Gelişen Getiri Paradigması
Yukarıda belirtilen strateji, mevcut DeFi protokollerinin stabilcoin getirilerini artırma konusunda yaygın bir yaklaşımı temsil etmektedir. Merkeziyetsiz finansın programlanabilir özellikleri, getiri mekanizmalarının yeniliklerini sürekli olarak ortaya çıkaracak ve gelecekte daha karmaşık karma stratejilerin ve tamamen yeni metodolojilerin ortaya çıkacağını işaret etmektedir. Bu dinamik evrim, finans mühendisliğinin sınırlarını genişletmekle kalmayıp, aynı zamanda yatırımcıların daha hassas bir risk değerlendirme çerçevesi oluşturmalarını da gerektirmektedir — zincir üzerindeki getirilerin labirentinde, vurgulanan APR rakamları belki de risk koordinat sisteminin başlangıç noktasıdır, son noktası değil.

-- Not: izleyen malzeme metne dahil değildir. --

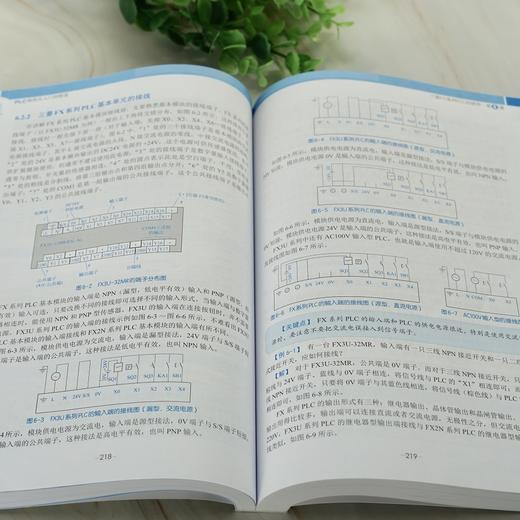 PLC编程从入门到精通 商品图5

Temel Sonuç: DeFi'nin Yüksek Riskli Doğası
Aşağıdaki temel anlayışa ulaştık:
DeFi'nin yüksek risk özellikleri ölümcül bir kusur mu oluşturuyor? Hayır, sonuçta kripto topluluğu her zaman geleneksel finans sisteminin dışında kendi topraklarını açmaya çalışıyor, yüksek getiri gerçekten var ama bunun her zaman bir bedeli oluyor. Bu nedenle, tasarruflarınızı herhangi bir gelir getiren ürüne yatırmadan önce lütfen unutmayın - zincir üzerindeki verileri dikkatlice kontrol edin, riskleri üstlenmek her zaman DeFi'nin birinci kuralıdır.